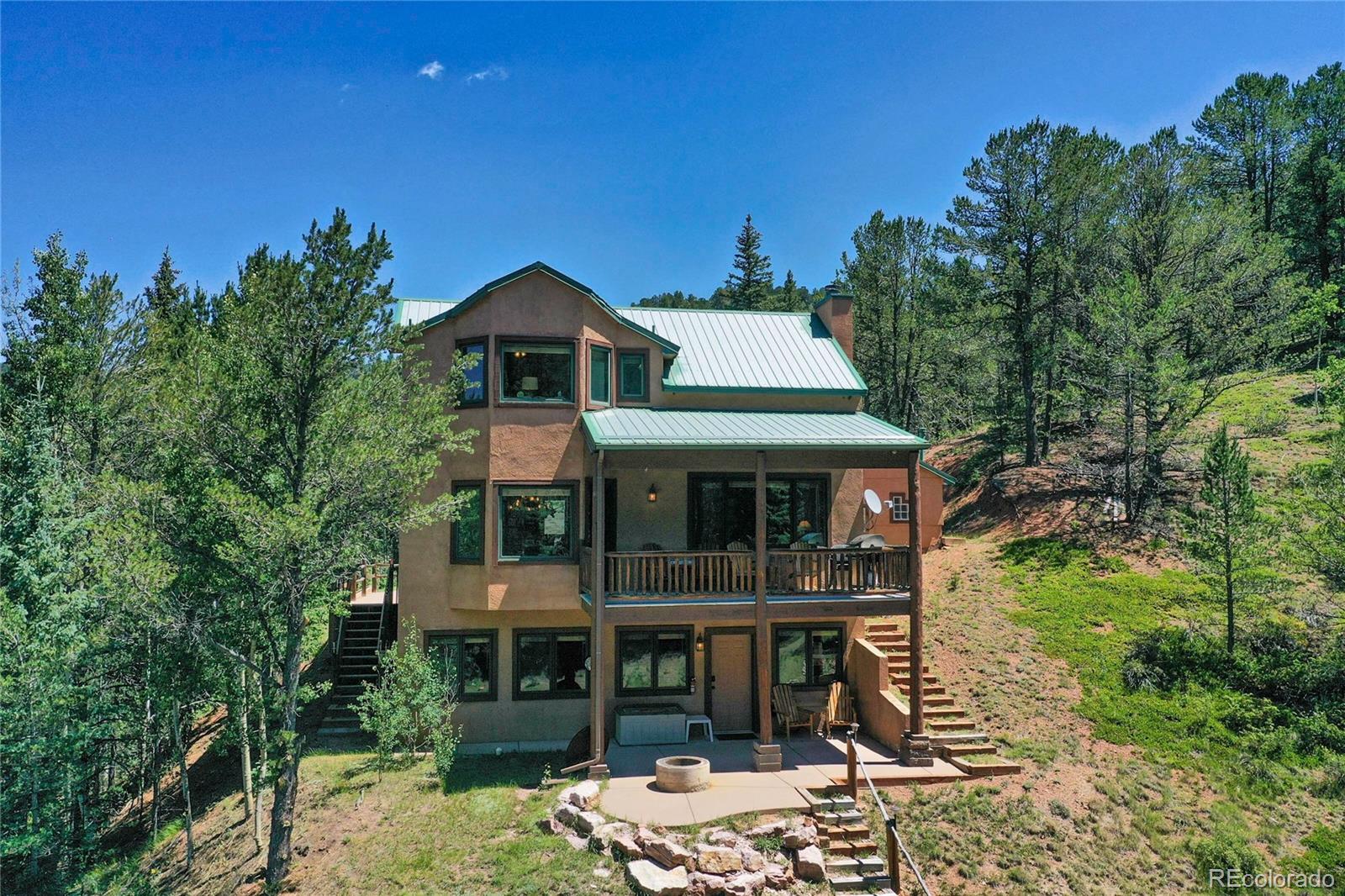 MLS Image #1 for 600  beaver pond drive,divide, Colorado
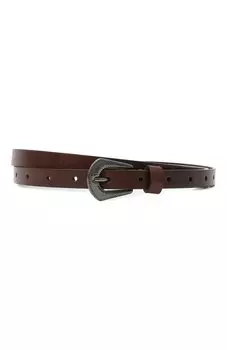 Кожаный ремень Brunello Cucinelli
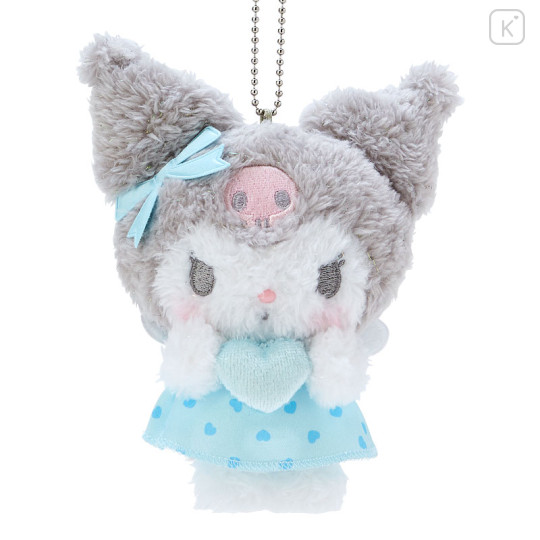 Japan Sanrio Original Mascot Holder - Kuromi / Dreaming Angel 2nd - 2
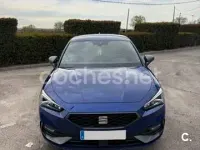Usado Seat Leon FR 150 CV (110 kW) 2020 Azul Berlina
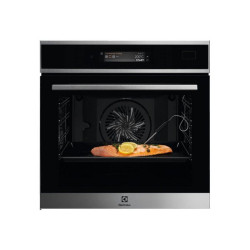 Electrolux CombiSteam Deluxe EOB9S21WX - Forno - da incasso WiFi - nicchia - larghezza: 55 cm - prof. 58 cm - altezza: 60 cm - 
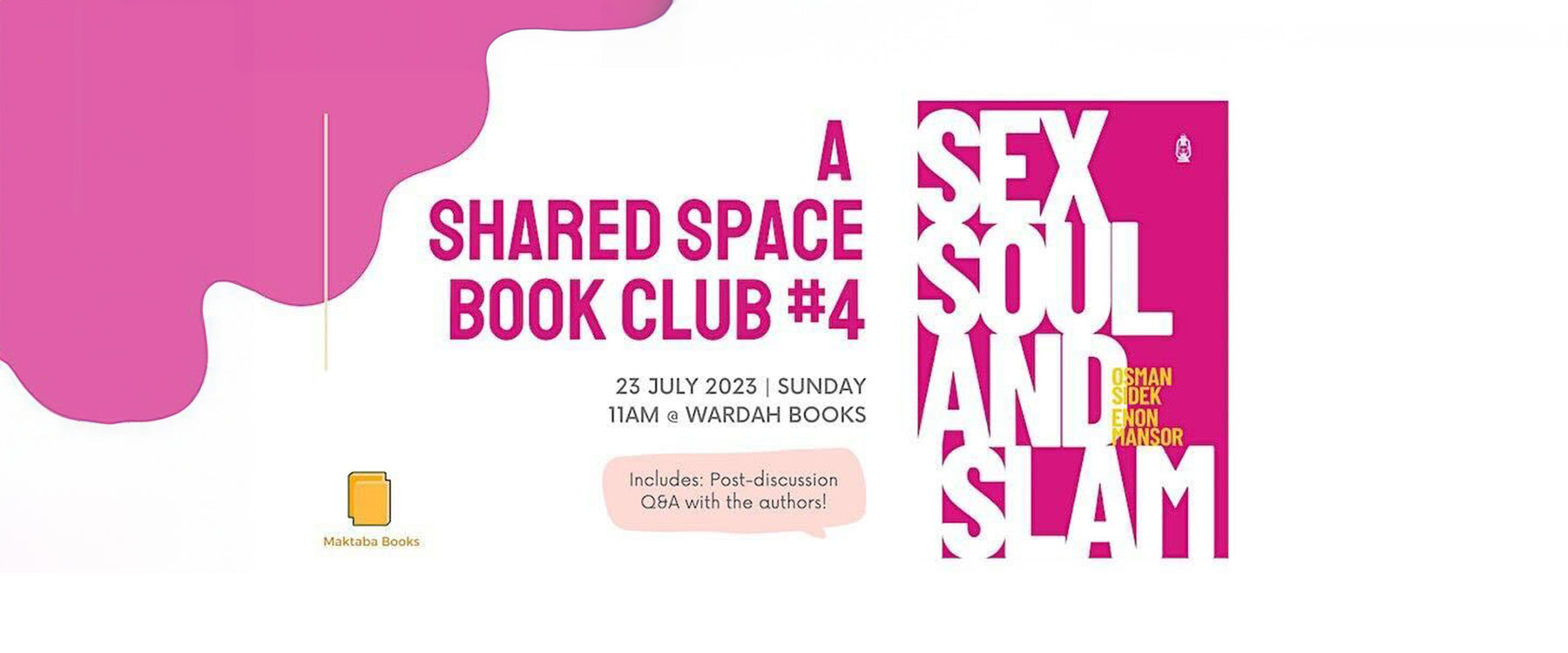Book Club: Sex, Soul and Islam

....

Exercise details ::
The required output is every line from the one containing "Кожаный ремень Brunello Cucinelli" through the last line of the records, inclusive, reproduced exactly and without pictures.

Task response ::
 Кожаный ремень Brunello Cucinelli
 Japan Sanrio Original Mascot Holder - Kuromi / Dreaming Angel 2nd - 2
Usado Seat Leon FR 150 CV (110 kW) 2020 Azul Berlina
 Electrolux CombiSteam Deluxe EOB9S21WX - Forno - da incasso WiFi - nicchia - larghezza: 55 cm - prof. 58 cm - altezza: 60 cm - 
Book Club: Sex, Soul and Islam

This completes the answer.